As a midfielder, Buruk enjoyed a successful playing career spanning nearly two decades. He played for prominent clubs, including Galatasaray, Inter Milan, Beşiktaş, and İstanbul Başakşehir. During his time at Galatasaray, he won six Süper Lig titles, four Turkish Cups, and was an instrumental part of the squad that won the 1999–2000 UEFA Cup, making Galatasaray the first Turkish team to achieve this milestone. He was also named Man of the Match in Galatasaray's 2–1 victory over Real Madrid in the 2000 UEFA Super Cup.

Internationally, Buruk earned 56 caps for the Turkey national team. He represented Turkey at UEFA Euro 2000 and was in the squad that won the bronze medal at the 2002 FIFA World Cup, the nation's best-ever finish in the tournament.

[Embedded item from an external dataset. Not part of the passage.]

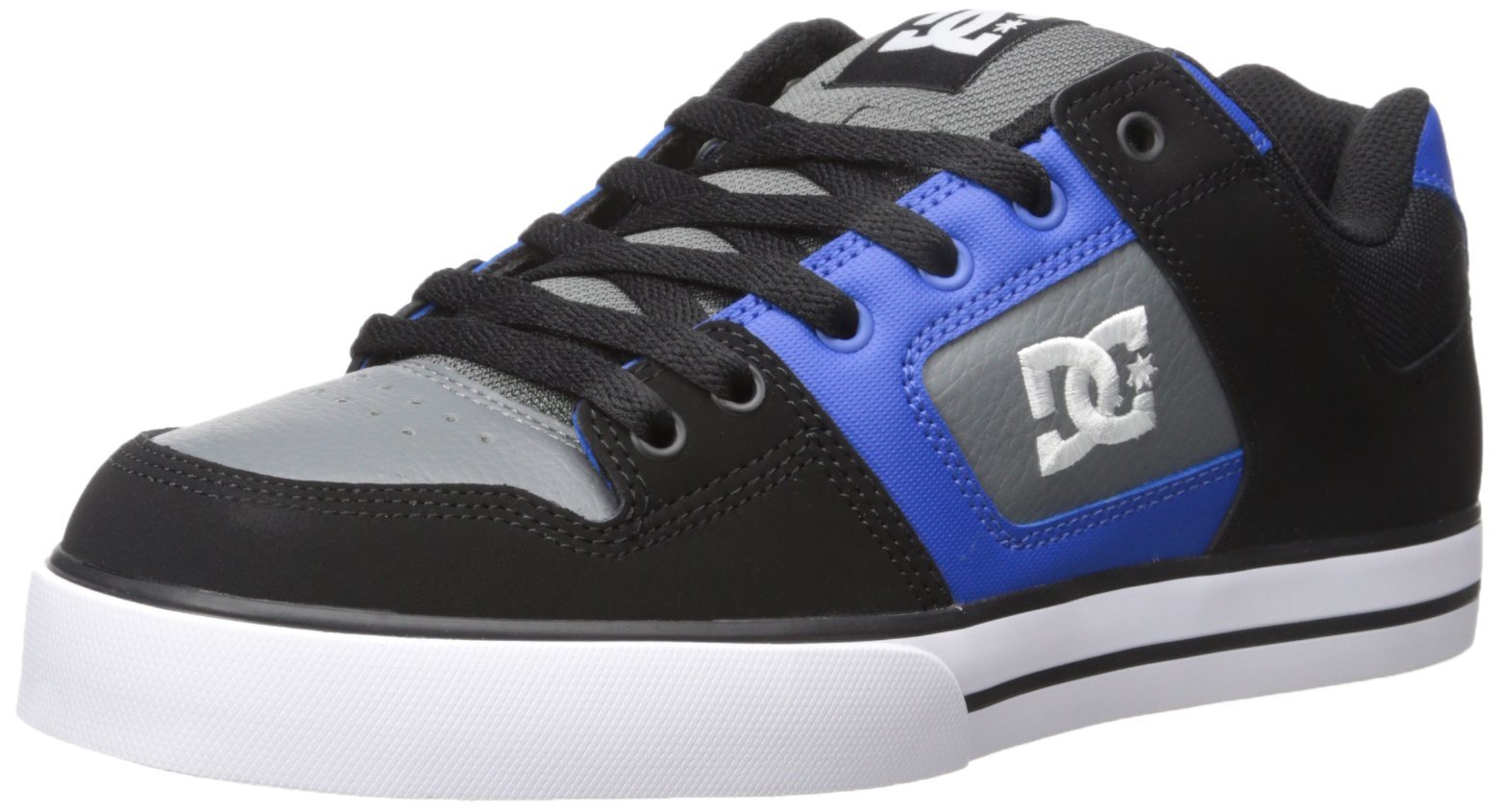 DC Men's Pure Xe Skate Shoe - Lightweight Comfortable Sneakers for Skateboarding & Streetwear | Perfect for Skaters, Urban Fashion & Casual Wear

As a manager, Buruk achieved notable success. He guided Istanbul Başakşehir to their first-ever Süper Lig title in the 2019–20 Süper Lig season, becoming only the second manager to achieve this without leading a Big 4 (Beşiktaş, Galatasaray, Fenerbahçe, Trabzonspor) team. His managerial success continued with Galatasaray, where he led the team to four consecutive Süper Lig titles in the 2022–23, 2023–24, 2024–25 and 2025–26 seasons. Buruk is recognized for his high-tempo pressing football and his player-management skills.

==Club career==
On 1 July 1992, Buruk began his professional football career with Galatasaray, where he played until 30 June 2001. During his nine-year tenure, he won six Süper Lig titles and played a pivotal role in Galatasaray's European successes. He was part of the team that won the 1999–2000 UEFA Cup, making Galatasaray the first Turkish club to achieve this milestone. On 25 August 2000, Okan was named Man of the Match in the 2000 UEFA Super Cup, where Galatasaray defeated Real Madrid 2–1.

In 2001, Buruk transferred to Inter Milan. On 26 August 2001, he made his Serie A debut in a match against Perugia, coming on as a substitute for Clarence Seedorf. On 21 October 2001, he provided an assist to Mohamed Kallon in the Milan Derby against AC Milan, although Inter lost 4–2. On 25 September 2002, he made his UEFA Champions League debut in a home victory against Ajax. He scored his first goal for Inter on 16 November 2002, in the 89th minute, securing a 2–2 draw in an away match against Roma. Okan played for Inter until 30 June 2004, he was known for his relentless energy and versatility in midfield.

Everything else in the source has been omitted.